If you get lost in the woods and are scared and injured, they’re the ones who are going to find you and bring you back to safety.
SAR
Squamish Search and Rescue members haul a speed flyer to safety on the Stawamus Chief third peak recently. SAR has a list of items you need to bring hiking for your own safety and survival.

If you get lost in the woods and are scared and injured, they’re the ones who are going to find you and bring you back to safety.

But should they have to?

It’s National Volunteer Week, a time when we should all be thanking the many volunteers who make our lives better, and few have a more dramatic impact on lives than the men and women of Squamish Search and Rescue (SAR). When we go out hiking, lose our way and get stranded on a frightening ledge, they’re the ones who will eventually heroically show up and bring us home. They’re the ones who will carry us back down those rocky stairs after we break an ankle.

But they’re all volunteers who have changed their plans for the day, found childcare and abandoned their families to devote themselves to the rescue, and in some cases, they really shouldn’t have to be there.

When we go hiking in the woods, we all need to assume some responsibility for our own safety and to bring the right gear that will enable us to survive when tragedy strikes.

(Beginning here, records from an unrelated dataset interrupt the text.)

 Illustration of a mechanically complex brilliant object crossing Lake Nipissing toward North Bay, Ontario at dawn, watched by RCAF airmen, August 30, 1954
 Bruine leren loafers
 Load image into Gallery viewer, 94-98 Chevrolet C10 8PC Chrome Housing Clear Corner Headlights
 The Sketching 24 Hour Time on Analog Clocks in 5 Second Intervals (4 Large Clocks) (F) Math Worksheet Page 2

We can start by letting someone know our plans. A simple text message to a friend or a post on Instagram or Twitter showing us at the trailhead will ensure the world at least knows where we started out and where we’re headed. Our cell phone should also be charged and with us.

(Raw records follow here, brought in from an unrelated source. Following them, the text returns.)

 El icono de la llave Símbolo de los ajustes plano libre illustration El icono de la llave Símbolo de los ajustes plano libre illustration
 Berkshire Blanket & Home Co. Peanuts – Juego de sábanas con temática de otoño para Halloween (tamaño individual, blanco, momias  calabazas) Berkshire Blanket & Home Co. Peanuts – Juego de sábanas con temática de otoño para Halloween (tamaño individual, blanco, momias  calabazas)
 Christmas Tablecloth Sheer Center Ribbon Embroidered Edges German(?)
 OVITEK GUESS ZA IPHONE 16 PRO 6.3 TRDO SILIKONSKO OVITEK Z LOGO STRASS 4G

As Squamish Search and Rescue notes on its website, there are other essentials that we need so we survive every hike, every time. These include extra water and food, additional clothing to protect us (no, that t-shirt won’t keep you warm at 2,000 ft. in the cold rain that is about to begin), a thermal blanket and plastic bag that can form a bivy shelter from the elements, and  a first-aid kit and a little knowledge of how to use the items within it.

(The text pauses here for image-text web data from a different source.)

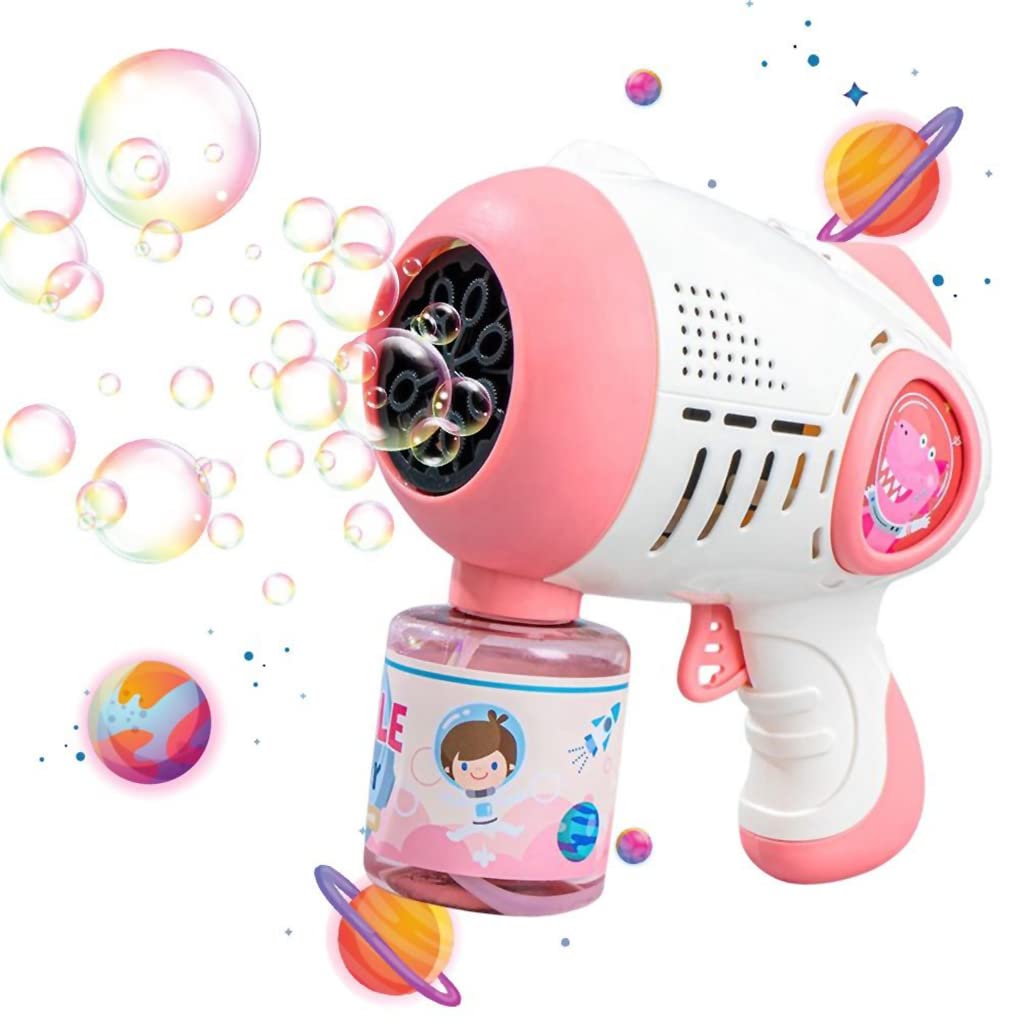 PATPAT Bubble Gun for Kids with 8 Nozzle LED Bubble Maker and 1 Bottle Solution | Pink Toy
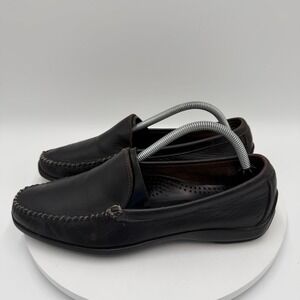 Allen Edmonds El Paso Driving Loafers Men 8.5E Black Stitched Leather Moccasins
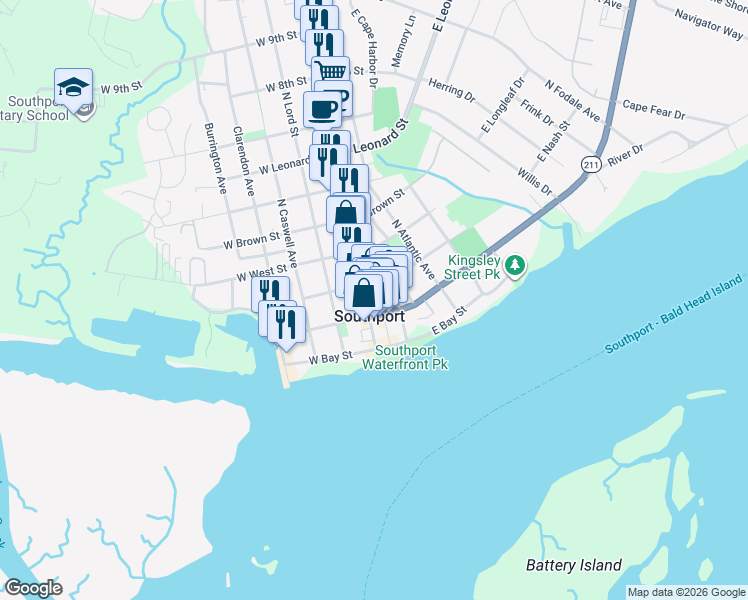 map of restaurants, bars, coffee shops, grocery stores, and more near 200 North Howe Street in Southport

You’ll also need a headlamp with spare batteries, a map and compass, and a knife or multi-tool that can help you cut rope or saw branches to make tinder for your fire.

And you need proper footwear with decent soles, not flip flops.

The volunteers of Squamish SAR are halting their lives, leaving their work and families, to provide assistance, but it’s up to us to make sure we can survive until they reach us. The least we can do is help ourselves.